At the same time, the United States knows that the Pakistan military’s ambition to control Kabul has remained unflagging all these years. This is one area where China can offer nothing to Pakistan; its key lies with the United States. In fact, one could even suggest that the United States has used Afghanistan as bait to keep Pakistan as its ally after taking control of Kabul in 2001. Throughout its two-decades of stay in Afghanistan, the US military’s constant refrain was that stability in Afghanistan could not be established because powerful factions of the Taliban were sheltered and controlled by Pakistan.  It was well established that the Taliban has a Quetta Shura, or high council (controlled by the Kandahari Pashtun Taliban), and a Miramshah Shura (owned by the Haqqani faction) within Pakistan, but the most important was the Rawalpindi Shura - a reference to the headquarters of ISI, which is the real power behind the Islamist Sunni Taliban.

 

The Haqqani faction, a part of the Taliban in power today and the group that was involved in myriad deadly attacks against the government in Kabul set up by the United States, had all along been working hand-in-glove with Pakistan’s military intelligence. That has been repeatedly stated in almost every report issued by the Pentagon over the years in explaining why the US military has failed to establish a peaceful environment in Afghanistan. Since the day President George W. Bush allowed thousands of Taliban fighters to be rescued by Pakistan, the US was aware that Pakistan would provide all sorts of physical help to get the Taliban reinstated in Kabul. Washington also knew that the Taliban would come to power if, and when, the US decided to quit Afghanistan.

 

The United States signaled its intent to hand over power to the Taliban during negotiations in Doha when the US Special Representative for Afghanistan Zalmay Khalilzad “caved in” to Taliban demands to exclude the Afghan government from negotiations. The bilateral US-Taliban deal was signed in February 2020 in Doha, a Trump-era agreement that Biden inherited.
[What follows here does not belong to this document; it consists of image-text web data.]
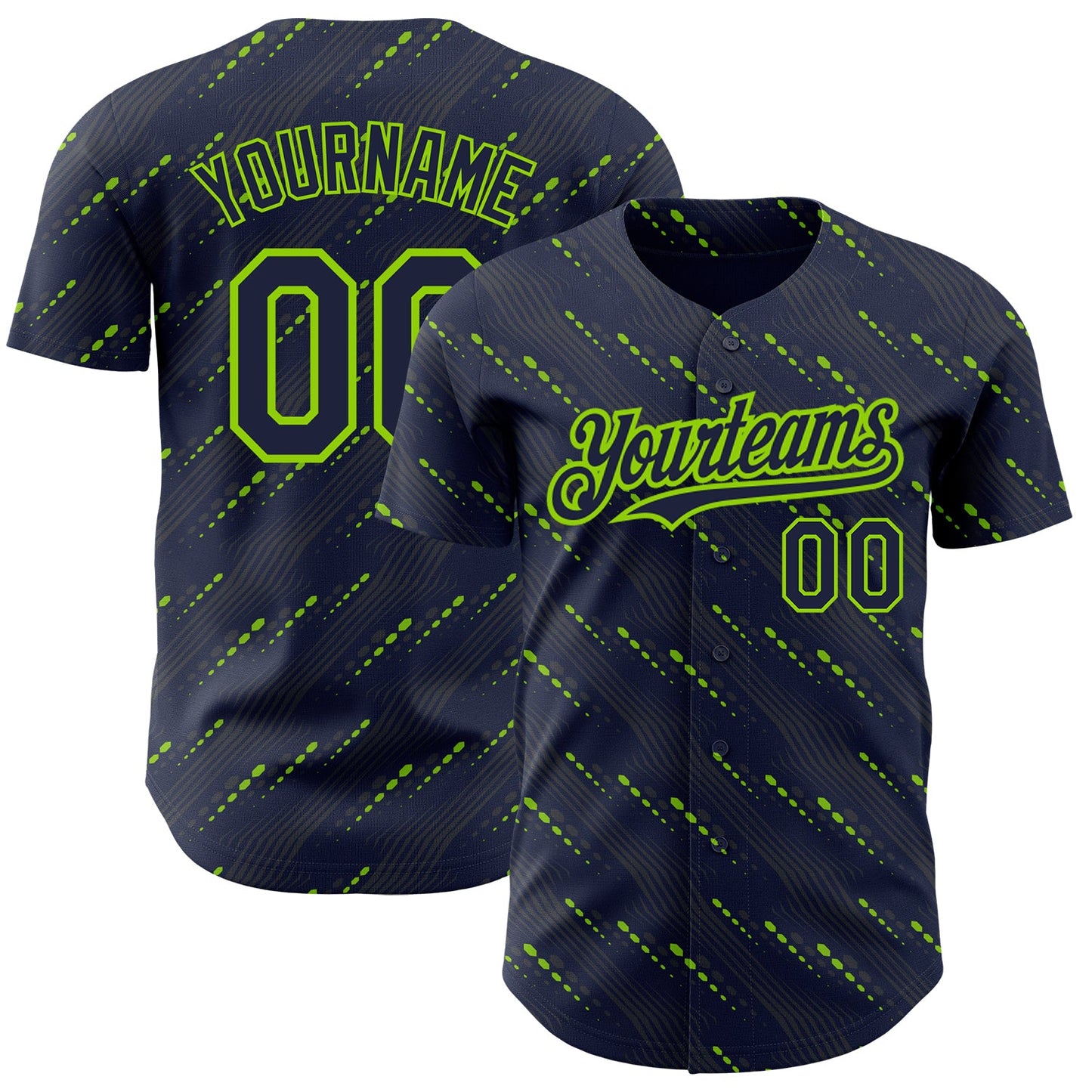 Custom Navy Neon Green 3D Pattern Design Slant Lines Authentic Baseball Jersey - Main View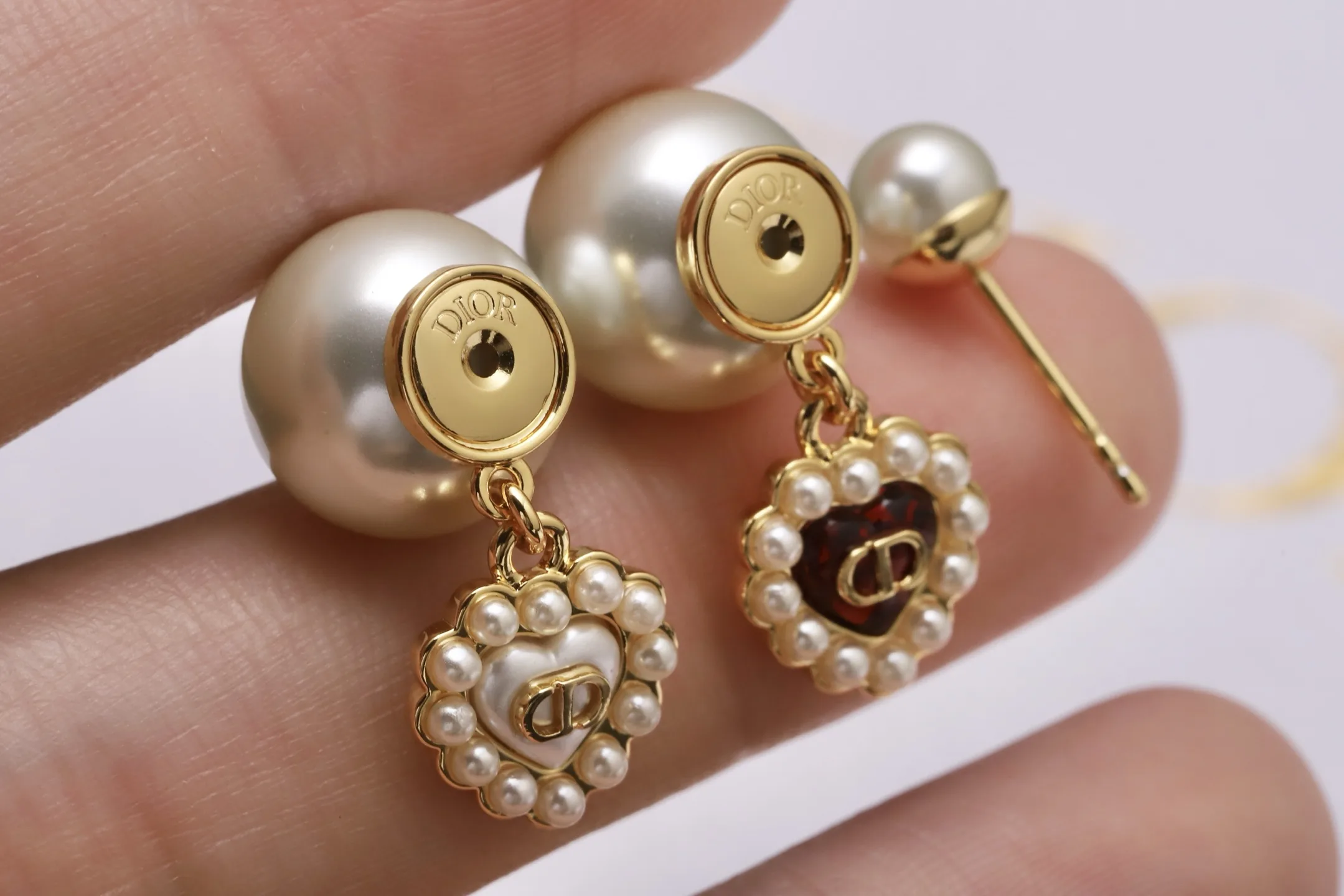 Dior Tribales Heart and Pearl Earrings D14016672 — view 6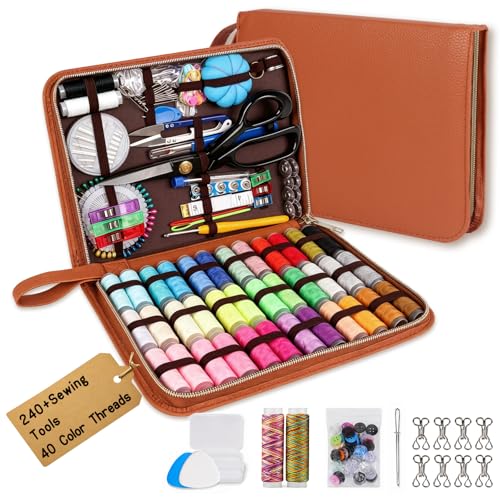 Large Sewing Kit for Adults Beginners, 241 PCS Portable Sewing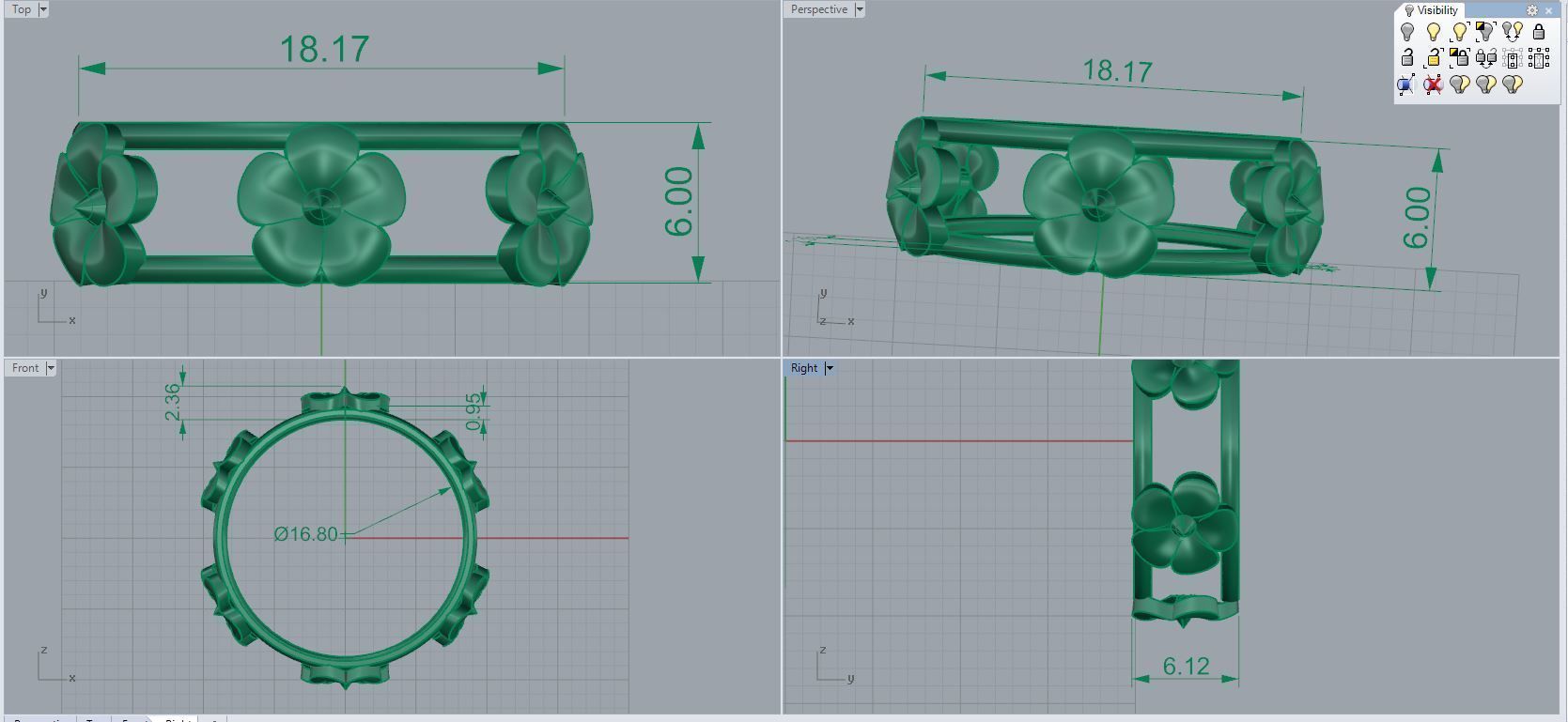 Plain Band ring  59 3D print model_5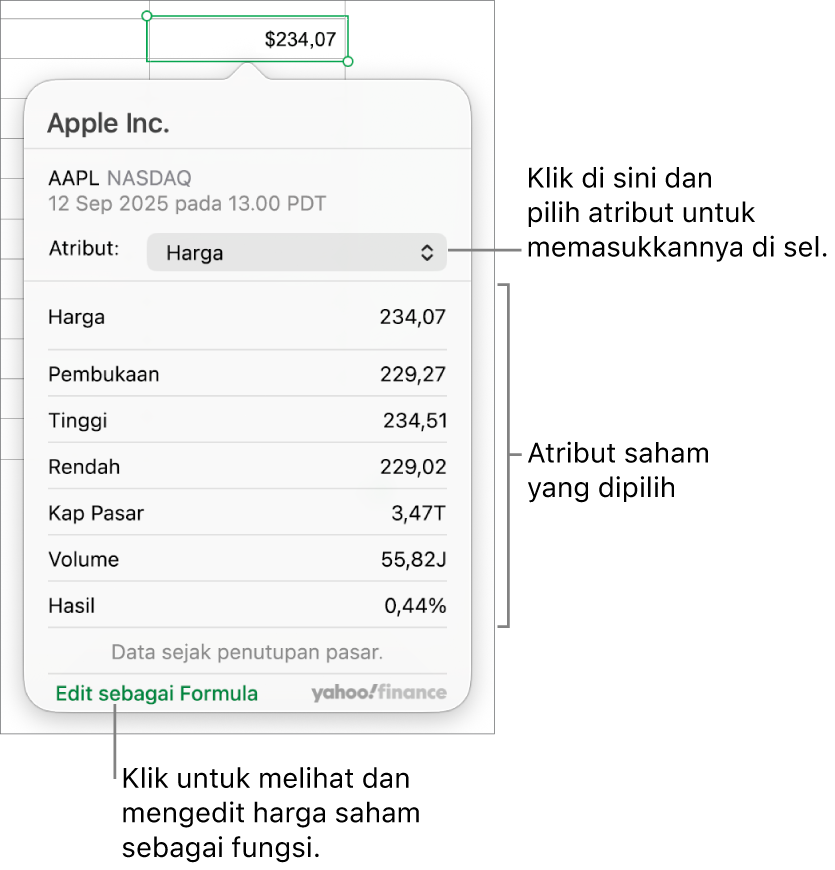 Dialog untuk memasukkan informasi atribut saham, dengan Apple sebagai saham yang dipilih.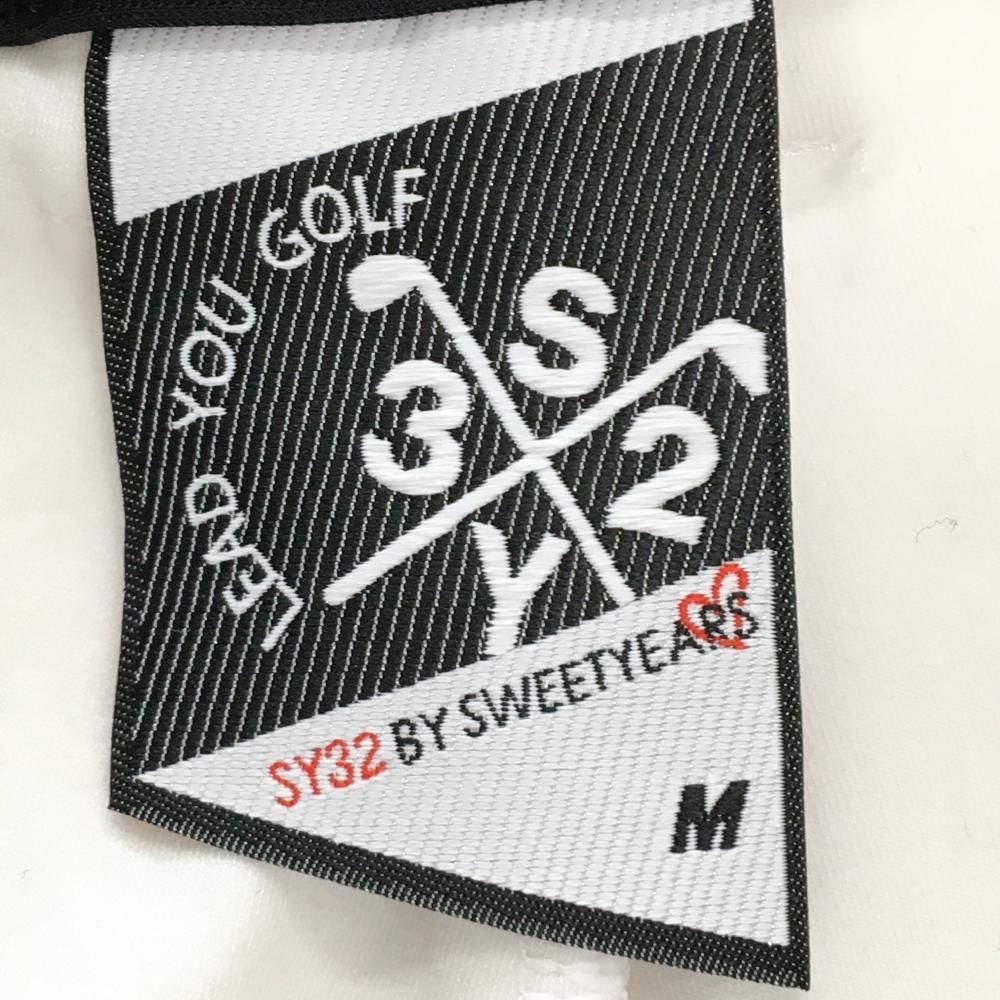 超美品】SY32 パンツ 白 裾ジップ 立体ロゴ メンズ M ゴルフウェア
As analyst Kate Clark described it: “To get that deal, Khalilzad prised only vague promises from the Taleban - on their dealings with al-Qaeda and other international jihadist groups, to begin talking to the government - and just one strong commitment, that they would not attack the US and ‘its allies’. In return, the US conceded a swift timetable for the virtually unconditional withdrawal of international troops, that the Afghan government would release 5,000 Taleban prisoners, and that it would cease attacks on the Taleban. The US also agreed to work for United Nations sanctions to be lifted.” (The Taleban’s rise to power: As the US prepared for peace, the Taleban prepared for war: Kate Clark: Afghanistan Analysts Network:   21 Aug 2021)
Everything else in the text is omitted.